Client device 306 may include one or more devices capable of receiving information from and/or communicating information to drug application analysis system 302, computing device 304, and/or server 308 via communication network 314. In some embodiments, client device 306 may be prohibited and/or blocked from communication with database device 312. Client device 306 may transmit data to database device 312 only through drug application analysis system 302, computing device 304, and/or server 308. Additionally or alternatively, one or more client devices 306 may include a device capable of receiving information from and/or communicating information to other client devices 306 via communication network 314, another network (e.g., an ad hoc network, a local network, a private network, a virtual private network, and/or the like), and/or any other suitable communication technique. For example, client device 306 may include a user device and/or the like. Client device 306 may also be in communication with a local or remote display device 310.

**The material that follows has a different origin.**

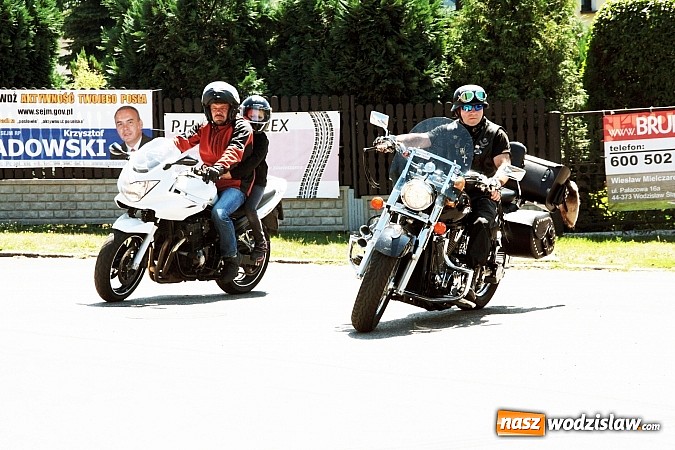 Zdjęcie w galerii na portalu naszwodzislaw.com: Mroczny Zlot Motocyklowy przyciągnął do Godowa tłumy fanów jednośladów wiadomości z regionu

Server 308 may include a computing device. In some embodiments, server 308 may include a plurality of servers and/or a plurality of computing devices. Server 308 may communicate with computing device 304 and/or client device 306 via communication network 314.

Display device 310 may include a video display such as a liquid crystal display (LCD) or a light-emitting diode (LED) display. Display device 310 may include, for example, a television, a computer monitor, a head-mounted display or “heads-up” display, a virtual reality headset, a mobile display on a mobile device and/or smartphone, a projector, or any other display device that is configured to display computer generated images. Display device 310 may be in communication with computing device 304 and/or client device 306 such that client device 306 may transmit and/or write data to display device 310 to cause display device 310 to display images such as a GUI. In some embodiments, display device 310 may be in communication with client device 306 and/or computing device 304 such that computing device 304 may transmit and/or write data to client device 306 which may then transmit and/or write the data to display device 310. Display device 310 may be in communication with computing device 304 and/or client device 306 via wired (e.g., a data bus, ethernet, and/or the like) or wireless (e.g., Wi-Fi, Bluetooth, and/or the like) means and/or a communication interface. In some embodiments, display device 310 may be separate from computing device 304 and/or client device 306. Alternatively, display device 310 may be integrated with (e.g., part of) computing device 304 and/or client device 306, for example, where computing device 304 and/or client device 306 include a mobile device such as a smartphone. In some embodiments, computing device 304 and client device 306 may include a same device and/or computing device 304 and client device 306 may share a same display device 310.

Communication network 314 may include one or more wired and/or wireless networks. For example, communication network 314 may include a cellular network (e.g., a long-term evolution (LTE®) network, a third generation (3G) network, a fourth generation (4G) network, a fifth generation (5G) network, a code division multiple access (CDMA) network, and/or the like), a public land mobile network (PLMN), a local area network (LAN), a wide area network (WAN), a metropolitan area network (MAN), a telephone network (e.g., the public switched telephone network (PSTN)), a private network (e.g., a private network associated with drug application analysis system 302), an ad hoc network, an intranet, the Internet, a fiber optic-based network, a cloud computing network, and/or the like, and/or a combination of these or other types of networks.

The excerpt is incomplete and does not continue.